● **Problem statement**
The data is to be repeated exactly, with the images removed.

● **Supplied data**
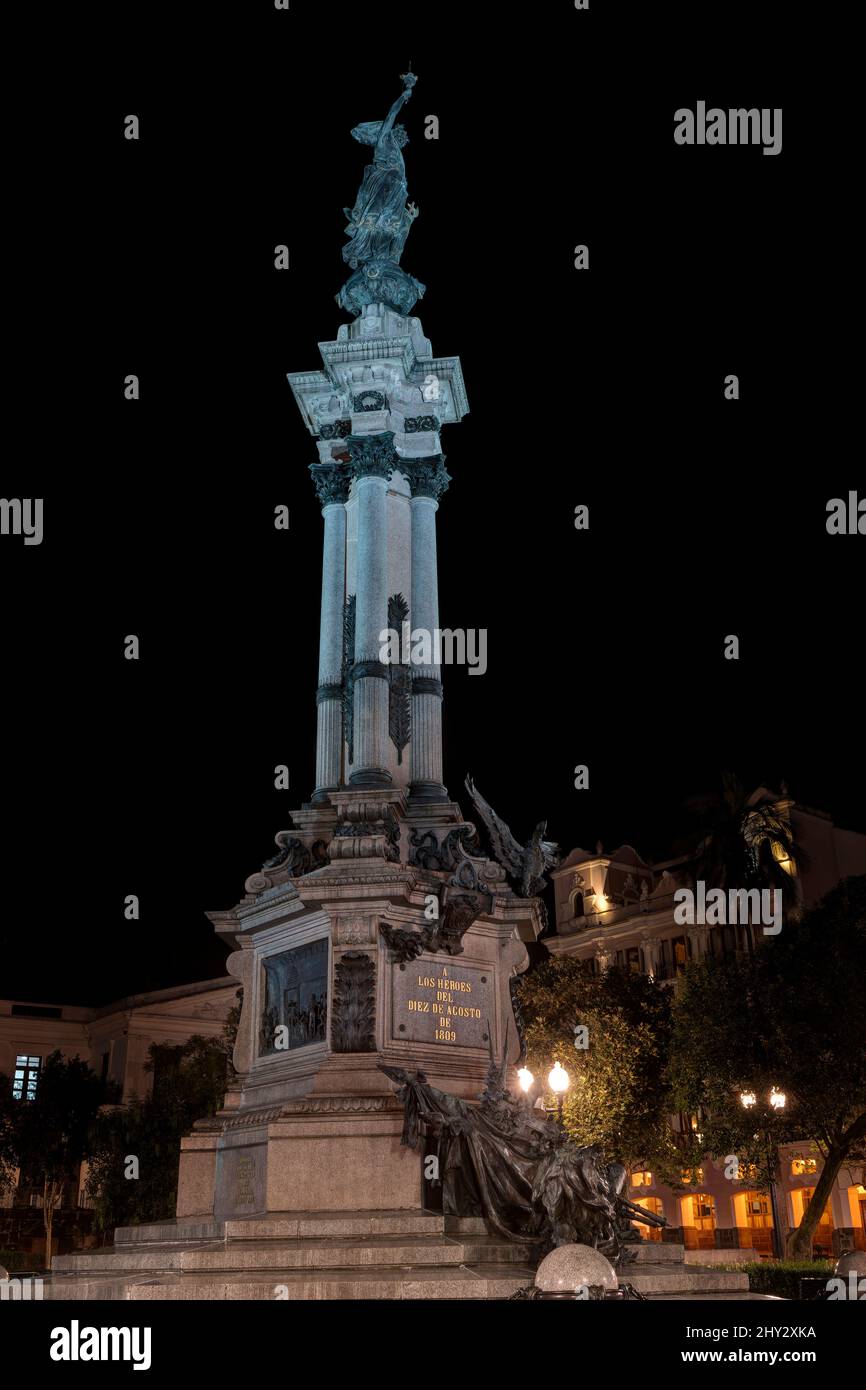 Monumento dell'indipendenza (Monumento a la Independencia) in Piazza dell'Indipendenza (Plaza Grande), Quito, Ecuador Foto Stock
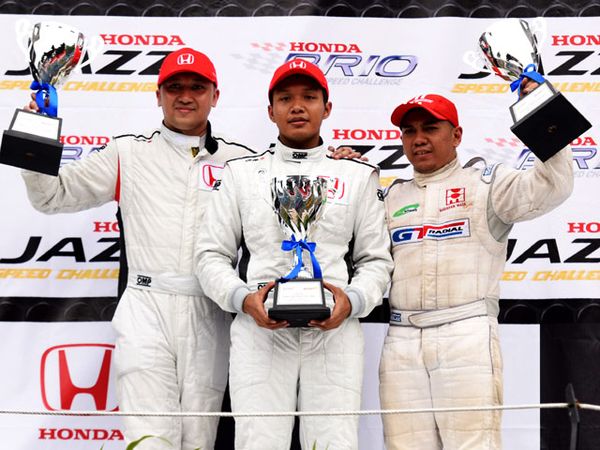 Lomba Balapan Mobil Brio dan Jazz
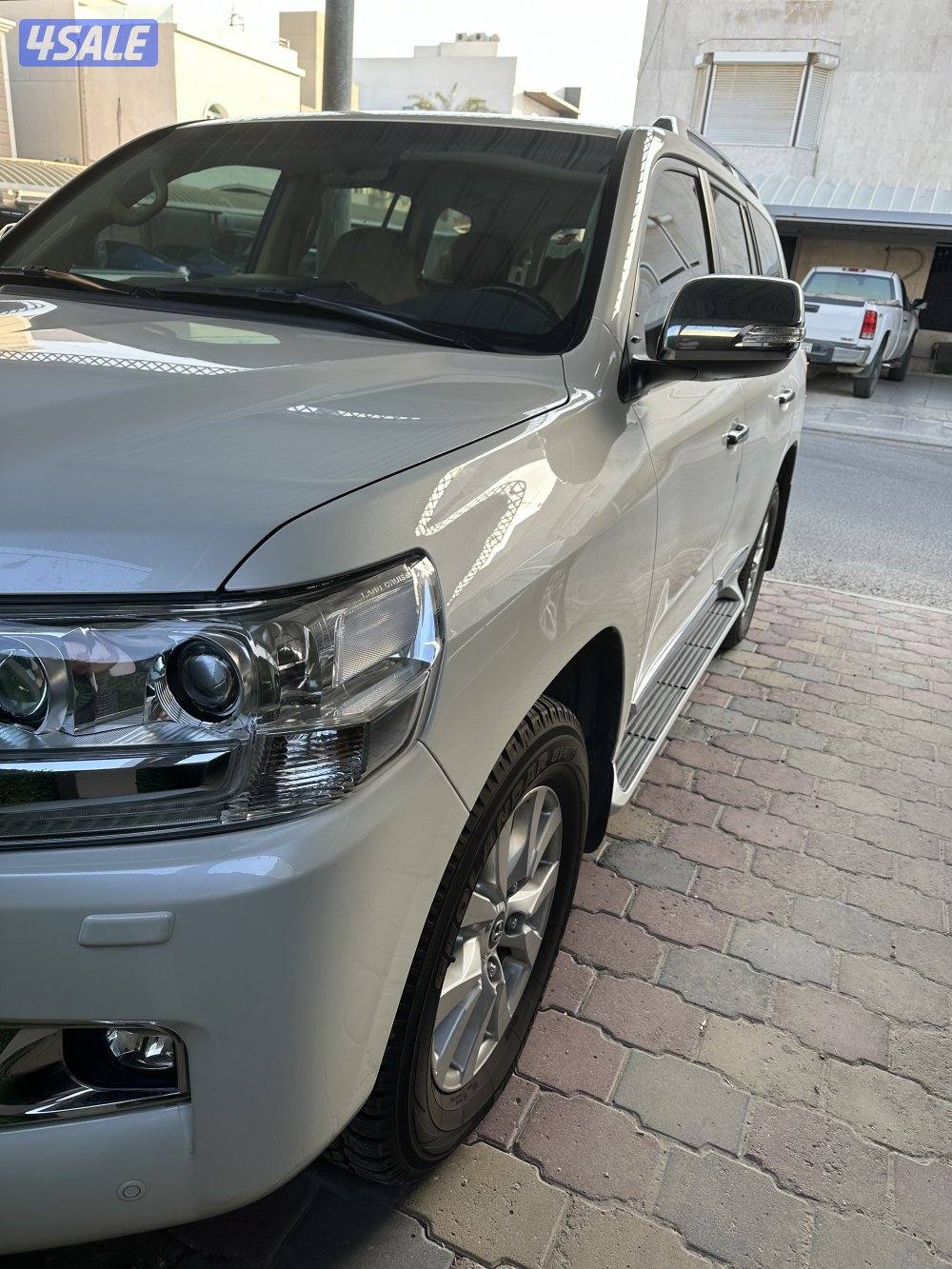 للبيع لاندكروزر 2016 الساير ماشي 21 الف شرط الفحص صبغ الوكاله1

● **Reply**
 Monumento dell'indipendenza (Monumento a la Independencia) in Piazza dell'Indipendenza (Plaza Grande), Quito, Ecuador Foto Stock
 Lomba Balapan Mobil Brio dan Jazz
 للبيع لاندكروزر 2016 الساير ماشي 21 الف شرط الفحص صبغ الوكاله1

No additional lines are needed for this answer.